» TASK STATEMENT: Give again, exactly as written, the lines of the records below from the line with "Pájaro artificial con" to the line with "18k White Gold". Both end lines count; pictures do not.

ENTRIES PROVIDED section start

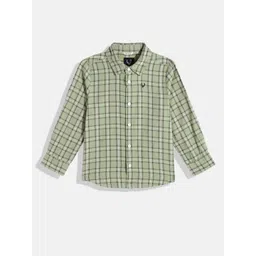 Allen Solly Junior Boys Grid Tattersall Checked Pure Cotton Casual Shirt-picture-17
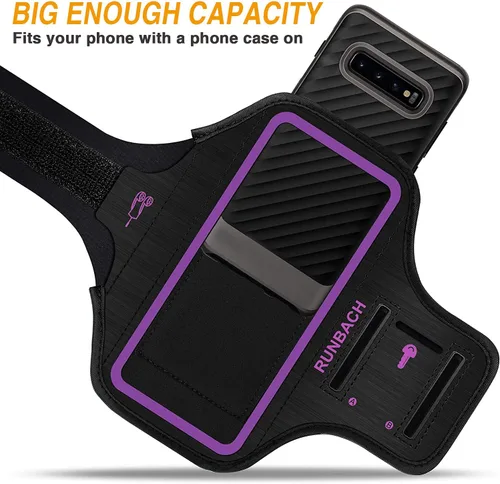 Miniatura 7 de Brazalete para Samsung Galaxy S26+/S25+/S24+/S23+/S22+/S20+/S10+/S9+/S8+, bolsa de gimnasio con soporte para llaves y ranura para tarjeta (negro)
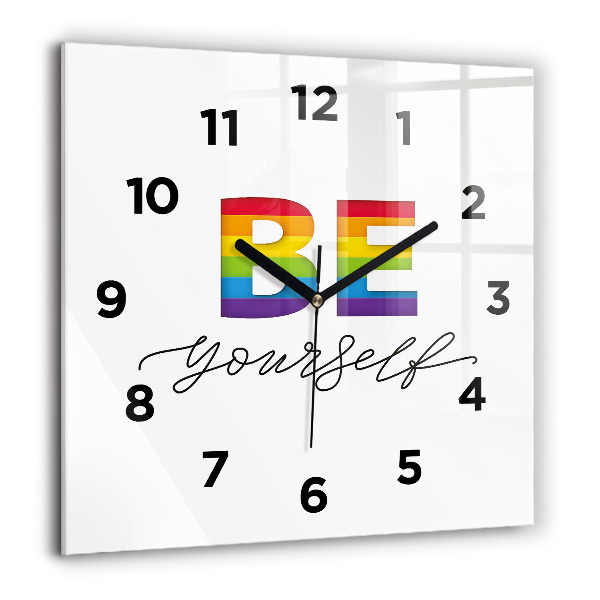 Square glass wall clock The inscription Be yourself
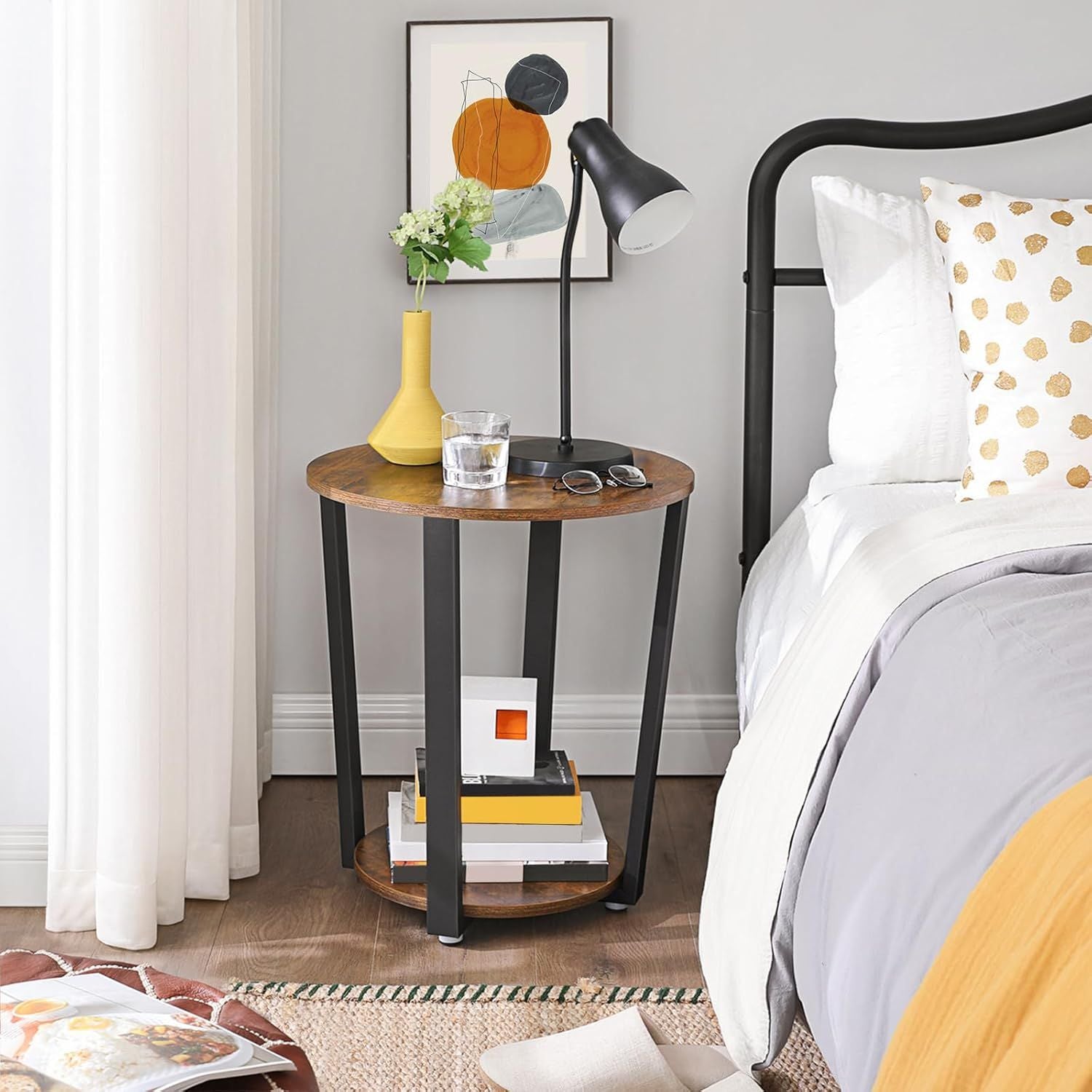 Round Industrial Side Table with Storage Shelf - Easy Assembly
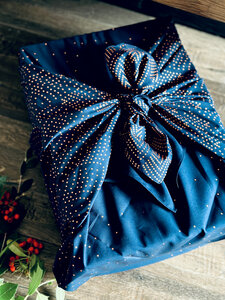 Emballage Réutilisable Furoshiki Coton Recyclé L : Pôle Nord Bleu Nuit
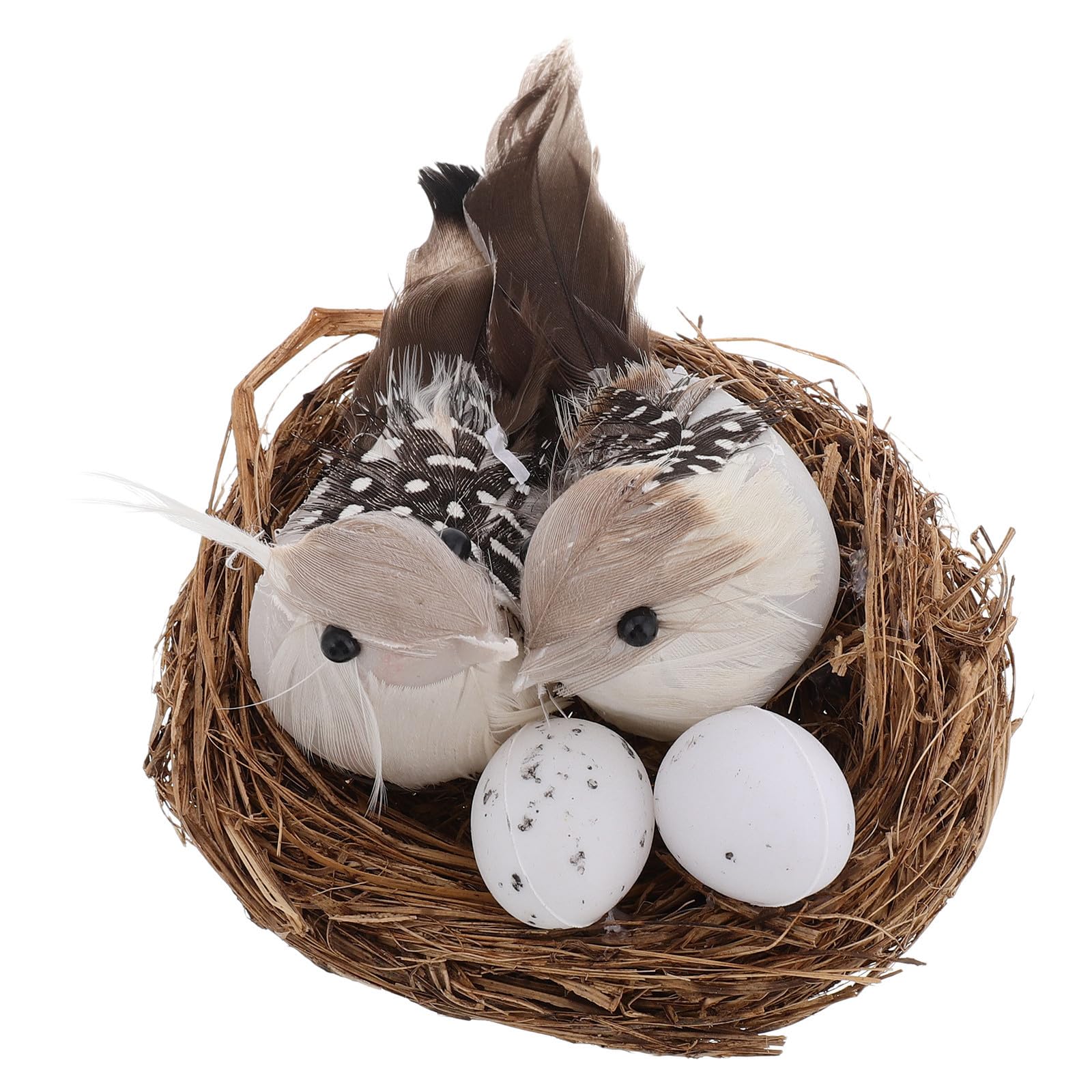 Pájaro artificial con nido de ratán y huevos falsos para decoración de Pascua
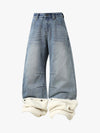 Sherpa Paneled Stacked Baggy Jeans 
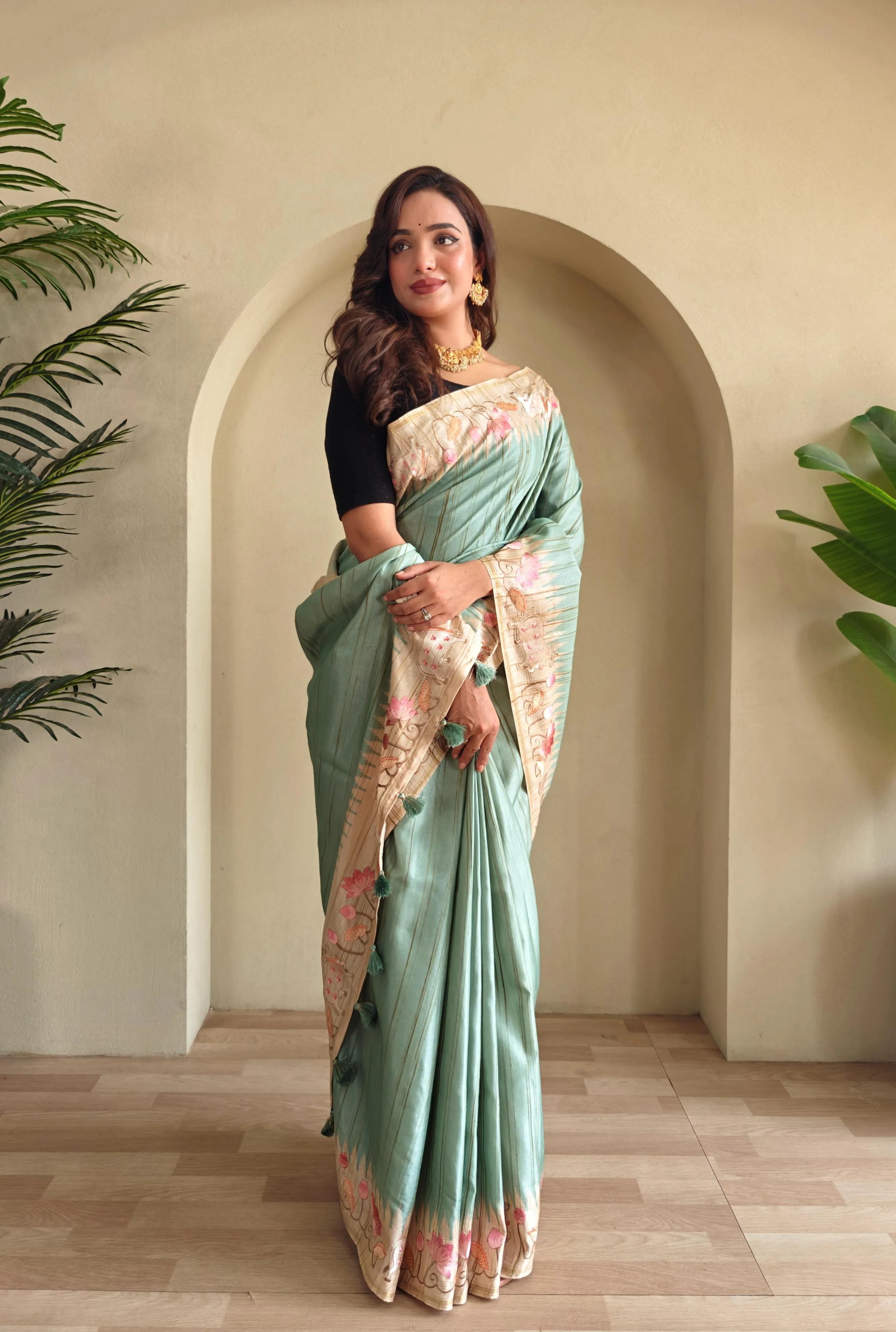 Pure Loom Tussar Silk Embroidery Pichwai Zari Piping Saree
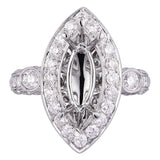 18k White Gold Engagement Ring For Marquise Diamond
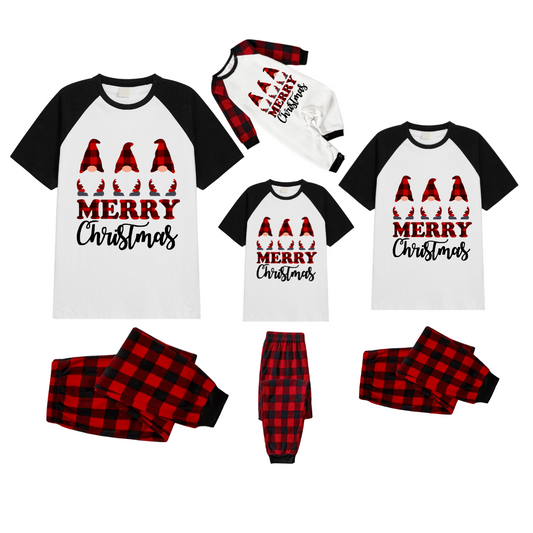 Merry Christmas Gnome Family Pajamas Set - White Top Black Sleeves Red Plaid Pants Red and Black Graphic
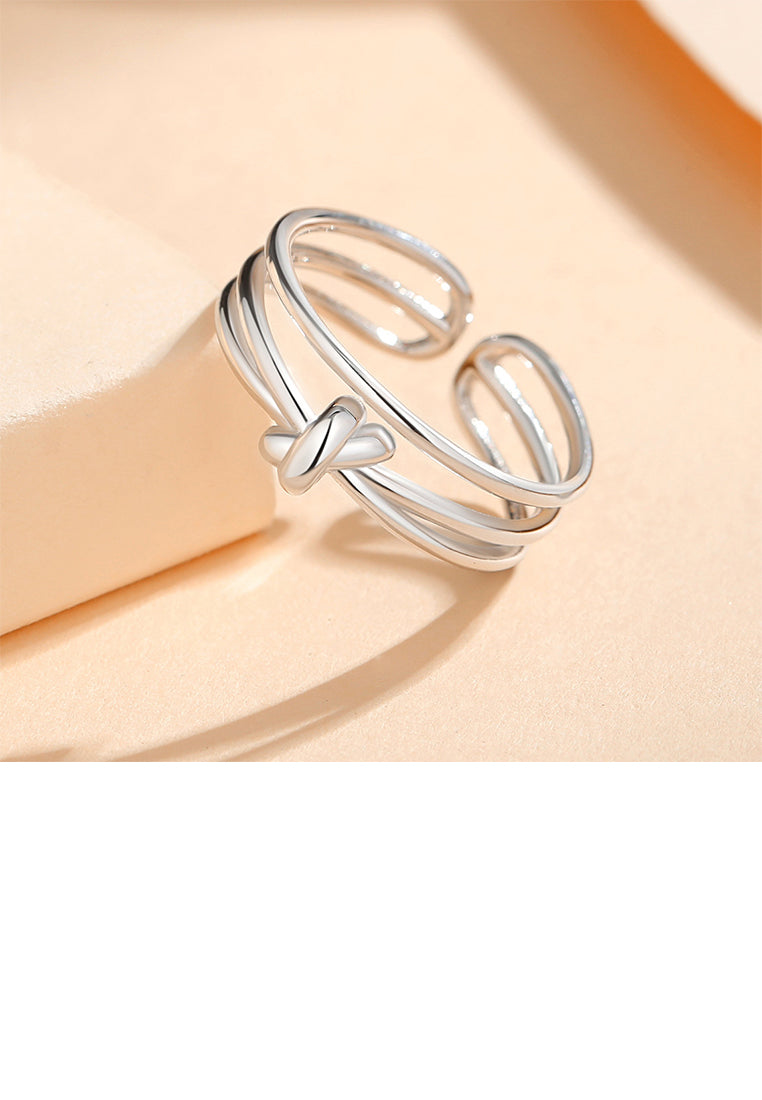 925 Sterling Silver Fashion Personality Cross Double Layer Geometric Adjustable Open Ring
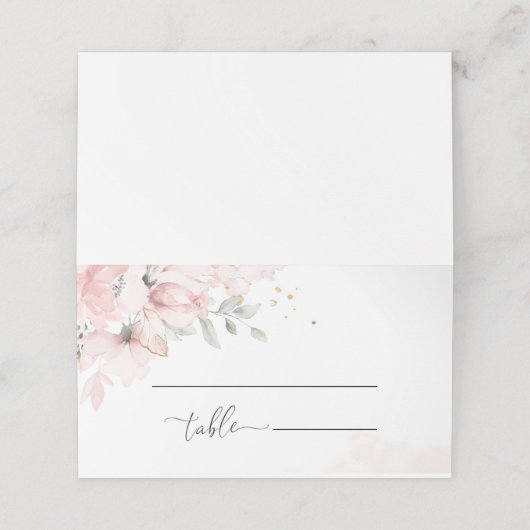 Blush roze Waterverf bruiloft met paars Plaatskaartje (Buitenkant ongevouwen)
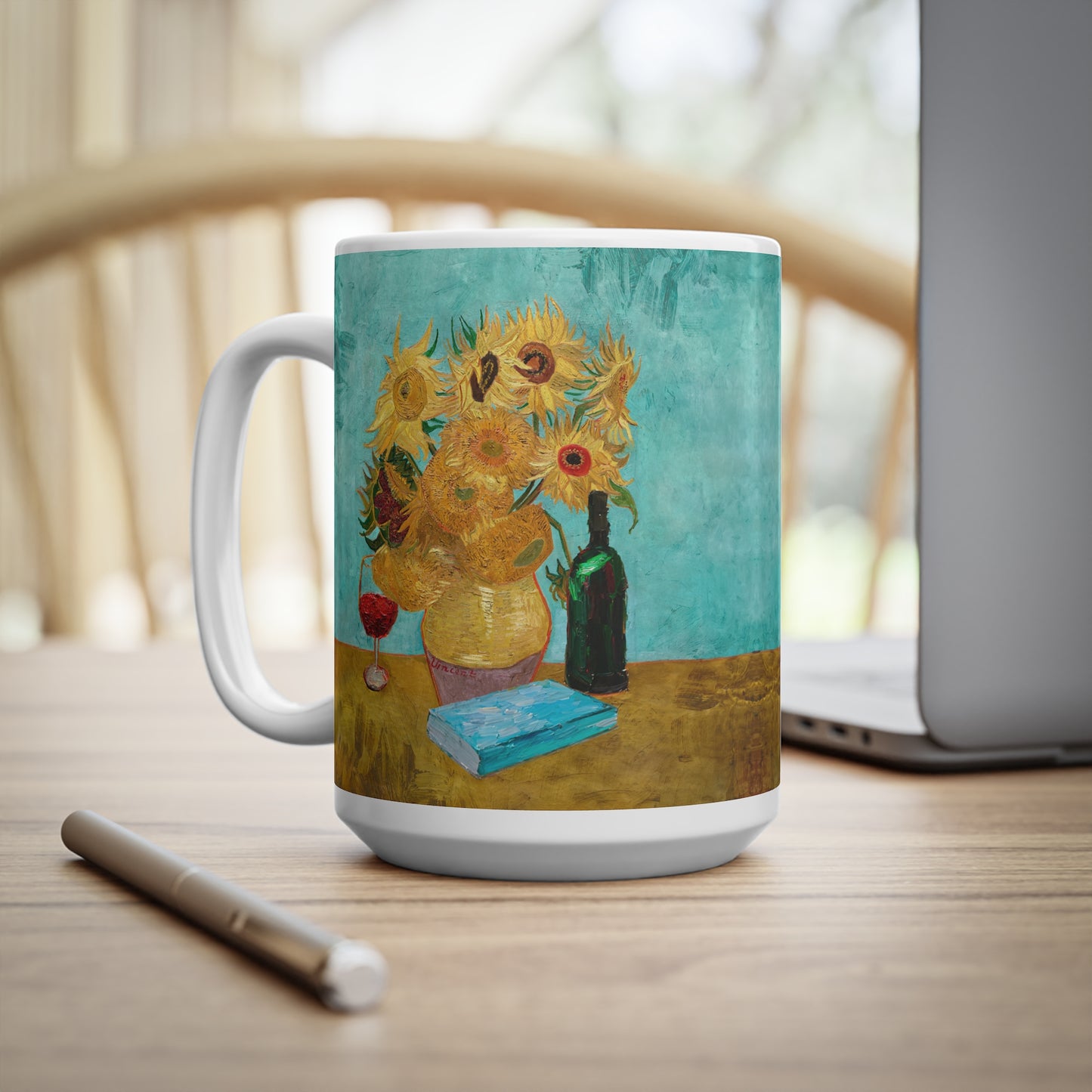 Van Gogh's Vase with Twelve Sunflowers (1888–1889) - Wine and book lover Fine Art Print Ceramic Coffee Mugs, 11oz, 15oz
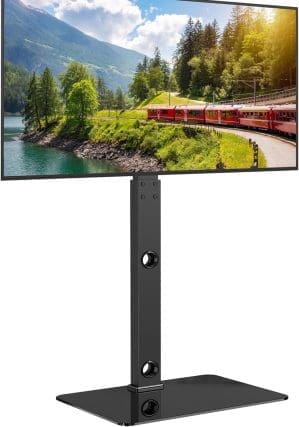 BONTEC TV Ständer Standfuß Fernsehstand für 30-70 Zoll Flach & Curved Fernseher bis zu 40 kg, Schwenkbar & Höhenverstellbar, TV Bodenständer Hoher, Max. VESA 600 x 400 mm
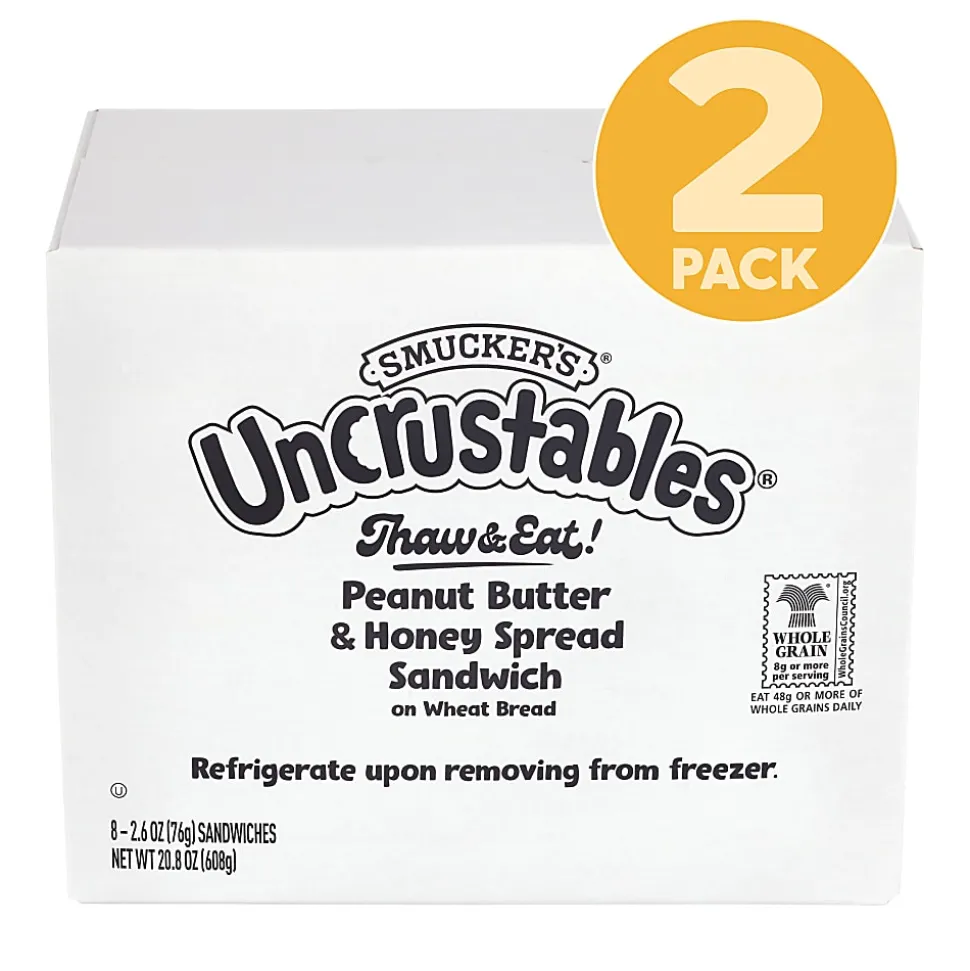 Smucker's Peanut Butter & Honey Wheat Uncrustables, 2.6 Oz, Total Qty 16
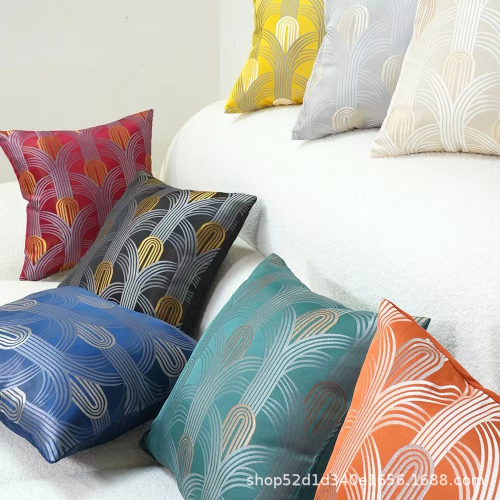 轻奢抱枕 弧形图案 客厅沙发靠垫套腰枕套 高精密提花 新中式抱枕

ENTRIES PROVIDED section end

» RESULT OF THE EXERCISE:
 Pájaro artificial con nido de ratán y huevos falsos para decoración de Pascua
 Sherpa Paneled Stacked Baggy Jeans 
 Pure Loom Tussar Silk Embroidery Pichwai Zari Piping Saree
 18k White Gold Engagement Ring For Marquise Diamond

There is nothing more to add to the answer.